Breivik attacked a Labor agency that he believed was supporting what he called “Islamization” in Norway. Dressed as a police officer, he landed on Utoya, shooting and killing 69 of the youth troupe and causing more injuries. He had previously killed eight people in a bomb attack on a government building in Oslo.

“It wasn’t random that it was our summer camp that was attacked. Because of our values ​​of openness and inclusiveness, hatred opposed us,” said the Labor Party now. Said Sindre Risoe, a survivor from Utoya, the general secretary of the youth camp.

“It was too difficult for many to return to politics after Utoya. It is very important for me and society to stand up again and fight back through more good work that we knew we could do. It was, “he said. “Before July 22, politics was important, but after that life and death became important.”

After hearing that Oslo was bombed on “the darkest day of our lives,” he remembers talking to each other that his friends were in the safest place on earth. Within minutes, shootings and screams began on the island. Today, Riso spends a lot of time warning young people about the dangers of right-wing extremism.
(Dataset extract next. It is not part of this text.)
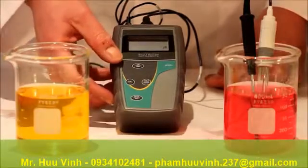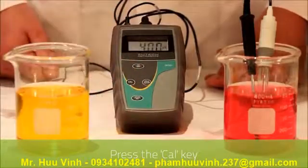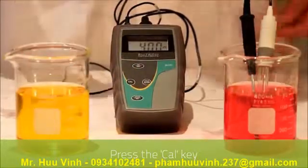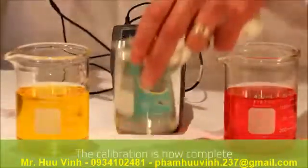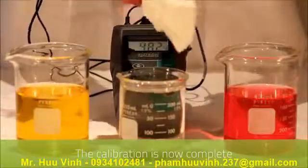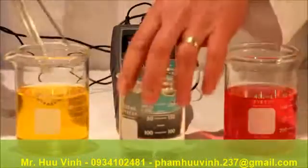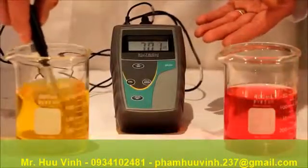To end this process and enter back into measurement mode we press the CAL key. As you can see the measurement is correct in 4 and we will clean in DI water. Submerge into 7 and we have the correct reading.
In the years following the attack, Norwegian security police PST continued to rank Muslims more likely to carry out domestic terrorism than right-wing extremists.

However, after 51 people were killed in a New Zealand mosque attack in 2019 and a mimicry attempt was made later that year by Norwegian gunner Philip Manshaus to the murderer’s sister in the suburbs of Oslo, Norway. Security police have changed their annual rating. Currently, two forms of extremism are ranked at the same risk level.

“As we progressed in 2013 and 2014, migration to Europe and IS became a prism we were scared of. Norway returned to the story that extremism was primarily foreigners.” Said Bjorn Eyler, who swam safely in the frigid waters around the island and escaped the bullets.

“There is a failure in introspection. We overlook the fact that Anders Behring and Manshaus were Norwegians, but so are many of the militants who should have been captured by our social system over the last decade. “He said.

Since the attack on July 22, Ihler has become an expert in counter-terrorism, establishing the Khalifa-Ihler Institute for Peacebuilding and Counter-Terrorism, advising the European Union and the Global Internet Forum for Counter-Terrorism. Chairs the panel.

Breivik, who was planning an attack from his mother’s house in Oslo, used an online ecosystem to demonize Islam and question the future of Christianity in Europe. Talking to dozens of Reformed radicals, Ihler says these Internet echo chambers need to be exposed to a variety of voices.

“Regardless of ideology, the reasons they entered a radical environment are all somewhat similar. It’s about finding an identity and space where you find attribution. Whether it’s an Islamist or a far-right extremist. Regardless, the fundamental problem they have is living in a diverse environment, “he said. “The tricky part is to help them build comfort with their versatility.”

Ihler still believes in the power of traditional Norwegian values ​​such as democracy and rehabilitation in solving social problems.

Breivik hit all of this and tested the country’s commitment to nonviolence and benevolent justice, as well as tolerance and inclusiveness. Still, he benefits from a judicial system that favors rehabilitation over revenge.

If he is still considered dangerous, his decision may be extended, but Breivik has been serving for 21 years in a three-room cell with access to a gym and computer games.

“It’s right for him to be treated humanely,” Ihler said. “We don’t want to follow the same path of violence. We need to keep showing people that there is a better way to deal with the problems we have.”